Certaines précautions sont néanmoins recommandées :
- En cas de long voyage avec décalage horaire, en parler avec son neurologue traitant pour gérer au mieux la prise des médicaments en fonction du décalage (prise en supplément, couverture ou non par benzodiazépines lors du voyage et de l’arrivée).
- Avoir toujours avec soi l’intégralité de ses médicaments en bagage à main (une valise peut toujours se perdre même sur un vol direct) ainsi que l’ordonnance justificative du traitement (rédigée avec le nom de molécule international, pour le passage en douane).
- Emporter toujours avec soi une semaine supplémentaire de prise de médicaments (le/la neurologue peut rédiger une ordonnance permettant la délivrance de plusieurs mois de traitement par la pharmacie): certains médicaments ne sont pas accessibles dans tous les pays, notamment les pays émergents, et un voyage peut toujours se prolonger au-delà de la durée initialement prévue (intempéries, grève des transports aériens….)
- Ne pas enlever les comprimés de leurs blisters
- Si vous êtes porteur d’un stimulateur du nerf vague, n’oubliez pas votre carte de porteur de stimulateur
Il est également recommandé de vérifier la couverture sanitaire du pays dans lequel on se déplace et de vérifier les conditions de prise en charge médicale, voire de rapatriement prévues par son assurance personnelle.
Certaines vaccinations peuvent être requises pour voyager :
- Toutes les vaccinations sont autorisées : bien sûr les vaccinations obligatoires (tétanos, polio, ….) mais aussi les occasionnelles en cas de voyage (fièvre jaune, hépatite …..).
- La seule exception peut concerner certaines encéphalopathies épileptiques comme le syndrome de Dravet où les crises peuvent être déclenchées par la fièvre. Il faut alors en parler au neurologue responsable qui n’interdira pas la vaccination mais, mais l’encadrera avec une prise d’antipyrétiques (médicaments faisant tomber la fièvre) pour éviter une fièvre potentiellement pourvoyeuse de crises.
Certains médicaments pour prévenir le paludisme (anti-paludéens) peuvent être également être obligatoires pour voyager. Là-encore, pas de contre-indications , mais une précaution avec le Chlorhydrate de méfloquine (Lariam) : contreindiqué formellement avec le Valproate de sodium (Dépakine), et si possible à éviter (traitements alternatifs conseillés).

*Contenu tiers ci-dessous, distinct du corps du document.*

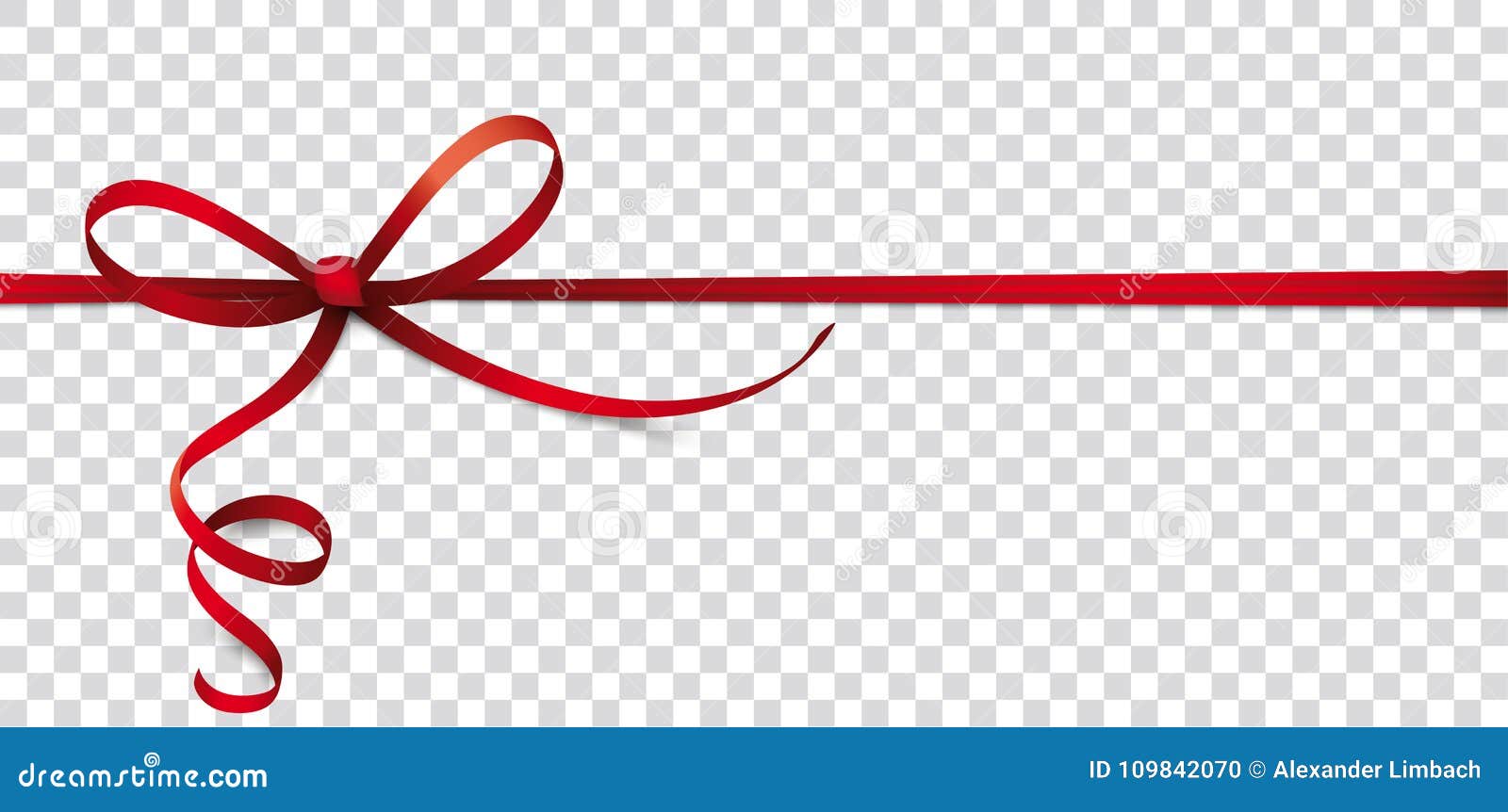 card red thin ribbon bow header transparent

Les vacances sont un moment de détente et parfois de changement de rythme de vie, on recommandera :
- D’essayer de respecter les horaires de prises de médicaments et l’intervalle inter-prises, quitte à décaler la prise du soir en cas de lever plus tardif.
- De conserver un régime veille/sommeil habituel, avec des nuits récupératrices. Au besoin, d’ajouter des siestes en journée pour ne pas se retrouver en manque de sommeil.

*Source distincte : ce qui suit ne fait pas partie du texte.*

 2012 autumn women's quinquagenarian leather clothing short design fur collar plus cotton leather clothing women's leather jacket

- De respecter, dans la mesure du possible, les mêmes conditions d’hygiène de vie qu’à domicile concernant la prise de boissons alcoolisées et la quantité de sommeil.

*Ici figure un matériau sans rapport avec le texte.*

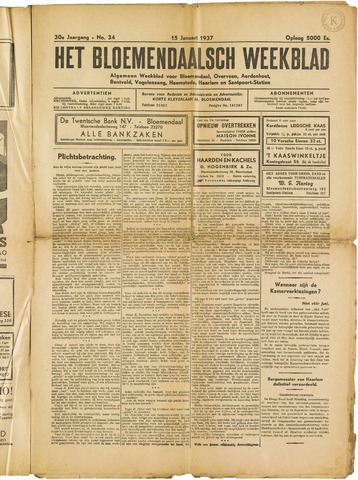 Het Bloemendaalsch Weekblad 1937-01-15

- En cas de forte chaleur ou de canicule : de bien s’hydrater, de porter un couvre-chef, de ne pas s’exposer au soleil ou de faire de sport dans les horaires où le soleil est à son maximum.
- De ne pas pratiquer de sports maritimes seul, de ne pas partir seul pour de longues randonnées.
- De respecter les consignes de sécurité habituelles concernant la pratique sportive (cf. fiche sport), notamment pour les sports pouvant exposer à un risque en cas de survenue d’une crise.
- En cas de pratique régulière d’une activité sportive, on recommandera aux patients avec épilepsie les conseils à donner à tout sportif : bien s’hydrater, éviter le plein soleil, se restaurer, ne pas épuiser son organisme.